All things medieval have rarely been so popular with the public. A dumbed-down iconography of knights, ladies, wimples and jousting is being rammed home by the swelling ranks of heritage centres, "medieval ffayres" and games such as Dungeons and Dragons. The rebirth of interest in the Middle Ages has spawned television stars such as Mick Aston of Bristol University, who hosts Time Team, with its archaeological excavations of medieval villages.

The reason for the period's popularity could be that we are living through a New Middle Ages, says Anthony Hunt of St Peter's College, Oxford. States are shrinking and privatisations are creating modern robber barons. "It's the zeitgeist, a rejection of modernism and progress," agrees Reading medievalist Michael Evans.

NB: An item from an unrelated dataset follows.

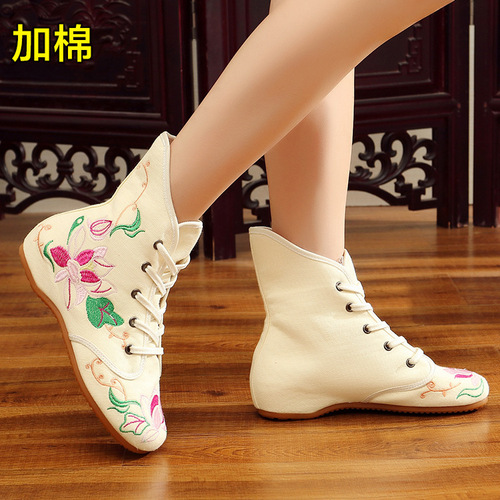 New winter mandala wedges embroidered cloth boots national wind Oxford bottom ladies boots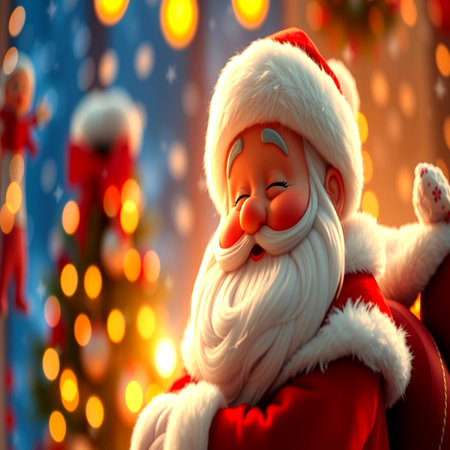 Santa Claus doll with Christmas tree and lights on background, closeupの写真素材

Medievalists argue that the Middle Ages was the cradle of the modern world. "The Roman Empire had collapsed. Europe was reacting against the Roman occupier, rejecting all things Roman and reinventing itself. It emerged from the Dark Ages with a new brief," enthuses Axel Muller, director of next week's International Medieval Congress at Leeds University, which will attract 1,400 delegates from around the world (see below for some of the highlights).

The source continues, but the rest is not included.